I’d prefer to go sailing, but early the next morning Andrew and Leslie decide they’d rather play the “Guess what this Thing is” game. They start peeling apart each and every one of my cabinets, taking stock of all my Things. Things for sailing, things for fixing, things for not sinking. Things, things, things. “What is in here, Sonrisa?” Andrew asks as he dangles head first into one of the deepest lockers in my cockpit.
“Lots of things!” I say, even I have no idea what all is tucked away. “Remember what Steve told you.” I remind Andrew. I don’t want Andrew to forget.

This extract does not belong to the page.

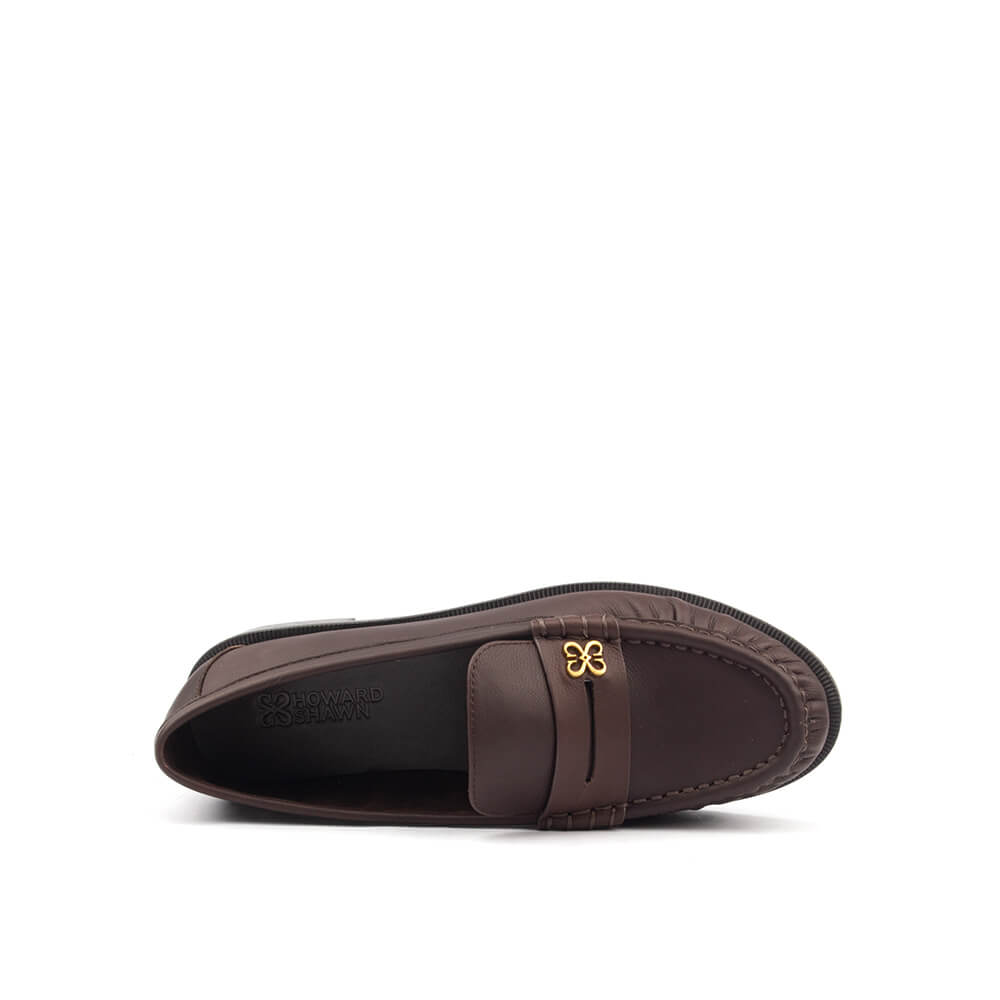 Women's Leather Penny Loafers with Gold Floral Logo Detail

“If there is one piece of advice I can give you,” Steve the Cheerful-Chain-Smoker-Broker told them as they part from delivering me to my new slip, “it is to never throw anything away that you find on a sailboat until you know for sure what it is.”
This is excellent advice. I am stocked full with all manner of spare parts and pieces, useful drib-drabs of sailing that a landlubber would never understand or know anything about until they find themselves 1100 miles out to sea and wondering if they might have just the right piece to fix…..whatever it might be. So, yeah, don’t throw anything away. Next thing I know, Andrew has taken everything out of my starboard cockpit lazarette and laid it all out on the dock in a row. It’s empty and he’s standing in the bottom of my hull with his head poking out.
Yep! All that fit in one cockpit locker. I have lots of “depth,” as they say.
Leslie walks along the line of Things, pausing to pick up this or that. “What is this?” Leslie asks, holding up thing-a-ma-watt #1 of 5,000.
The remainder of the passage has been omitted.